Segment Open

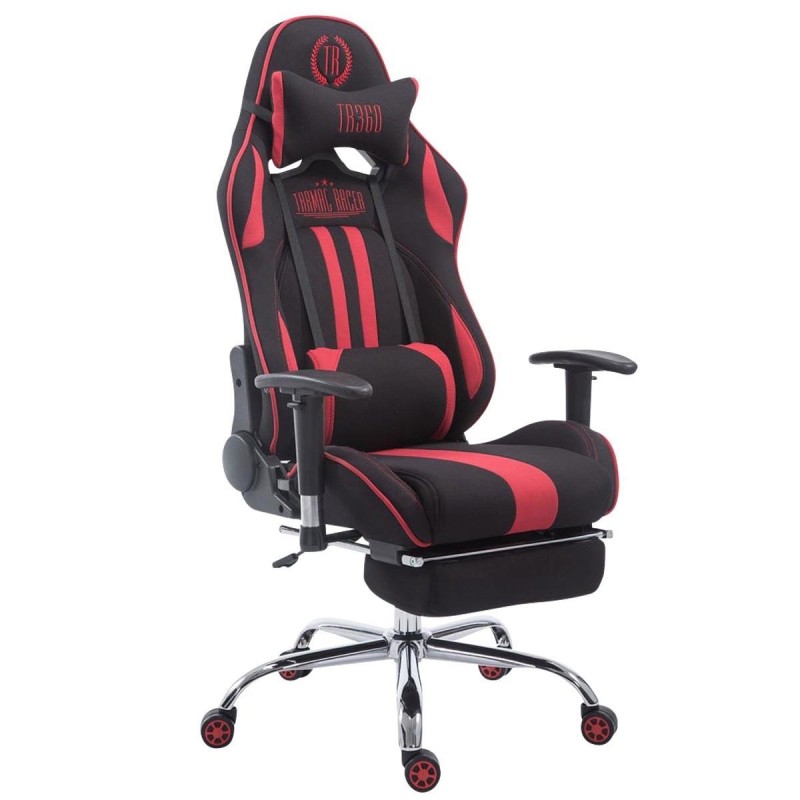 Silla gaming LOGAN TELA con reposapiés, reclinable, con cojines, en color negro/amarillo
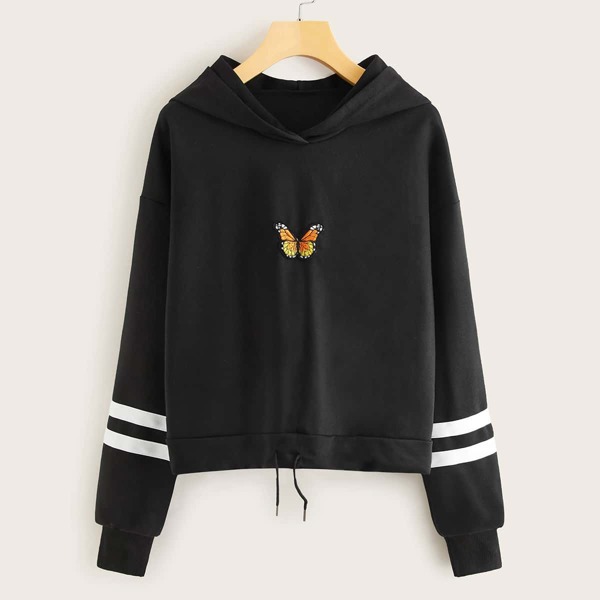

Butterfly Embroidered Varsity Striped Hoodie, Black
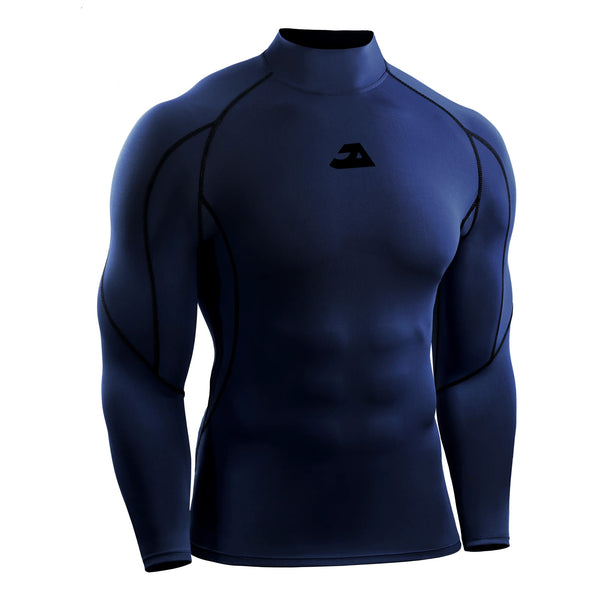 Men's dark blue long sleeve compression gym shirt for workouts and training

Segment Closed
Segment Open

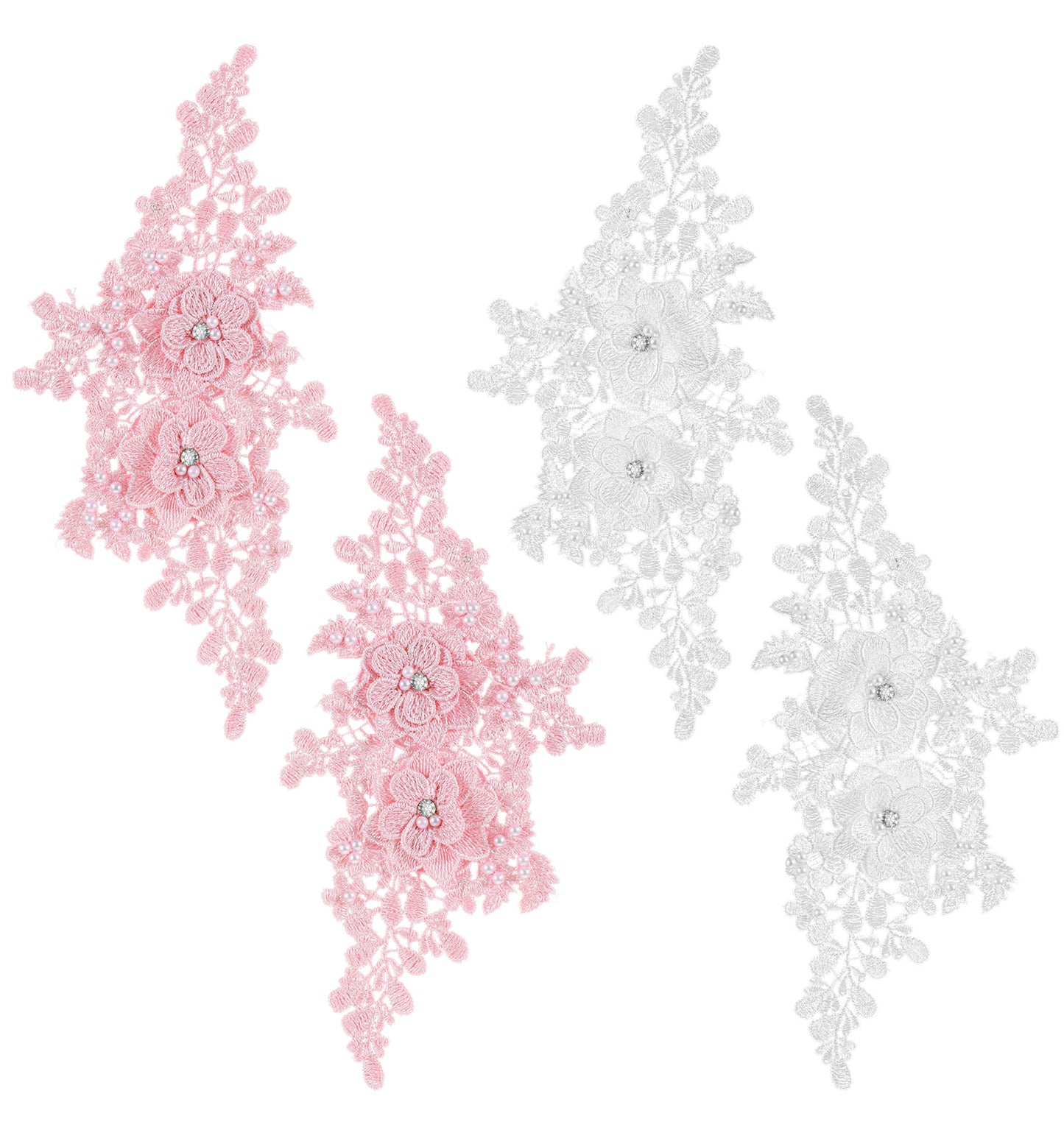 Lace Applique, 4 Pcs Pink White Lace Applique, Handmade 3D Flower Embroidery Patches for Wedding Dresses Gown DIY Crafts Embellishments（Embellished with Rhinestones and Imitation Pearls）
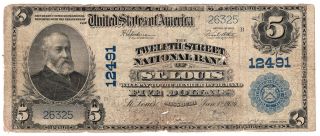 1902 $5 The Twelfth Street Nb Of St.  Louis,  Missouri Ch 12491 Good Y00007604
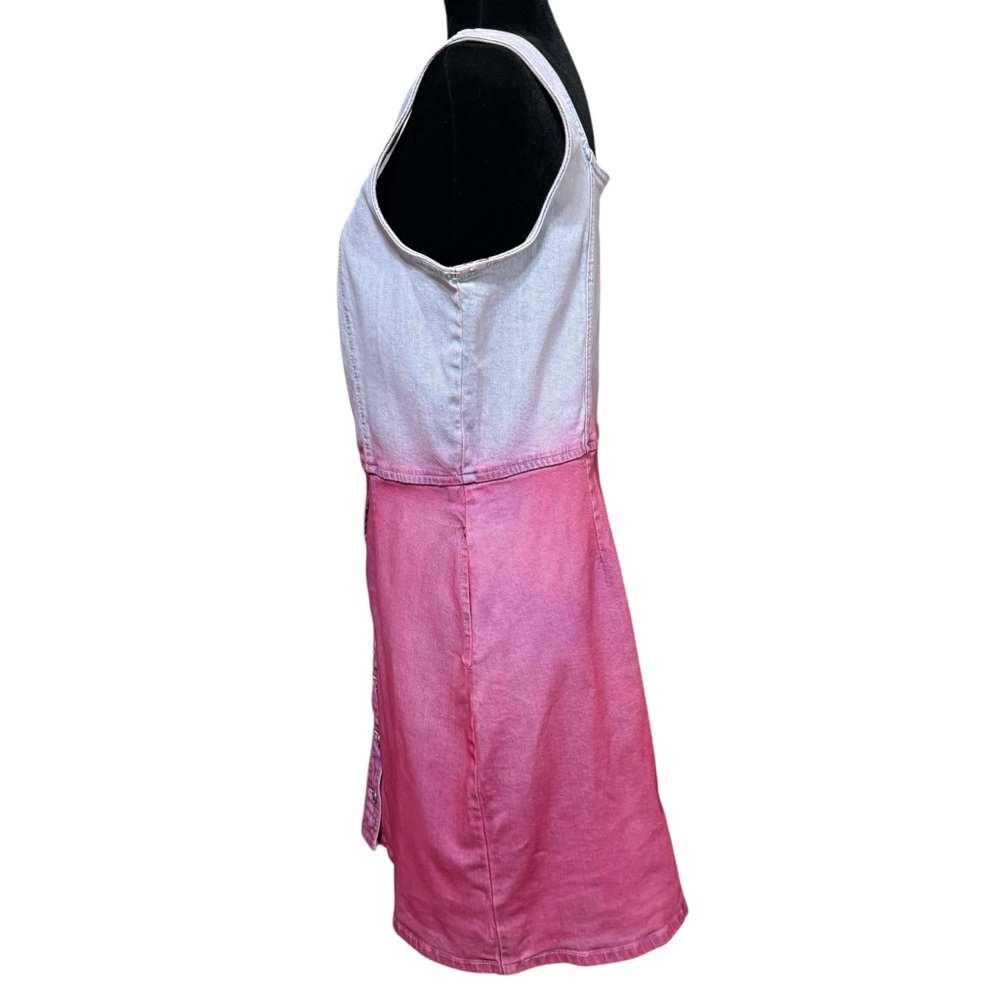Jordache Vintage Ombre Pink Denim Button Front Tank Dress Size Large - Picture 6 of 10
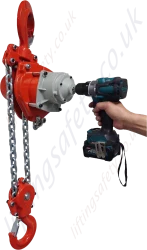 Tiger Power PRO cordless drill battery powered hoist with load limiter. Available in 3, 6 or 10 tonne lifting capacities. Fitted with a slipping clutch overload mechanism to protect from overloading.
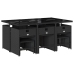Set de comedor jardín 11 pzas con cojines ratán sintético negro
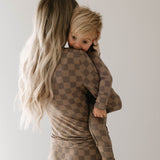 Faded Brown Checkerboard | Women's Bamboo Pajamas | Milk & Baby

Segment Closed

◆ **What to work on**: Starting with the line that has "1902 $5 The" and ending with the line that has "Tiger Power PRO", repeat the lines above exactly, omitting every picture.

◆ **Solution to this problem**:
 1902 $5 The Twelfth Street Nb Of St.  Louis,  Missouri Ch 12491 Good Y00007604
Jordache Vintage Ombre Pink Denim Button Front Tank Dress Size Large - Picture 6 of 10
 Tiger Power PRO cordless drill battery powered hoist with load limiter. Available in 3, 6 or 10 tonne lifting capacities. Fitted with a slipping clutch overload mechanism to protect from overloading.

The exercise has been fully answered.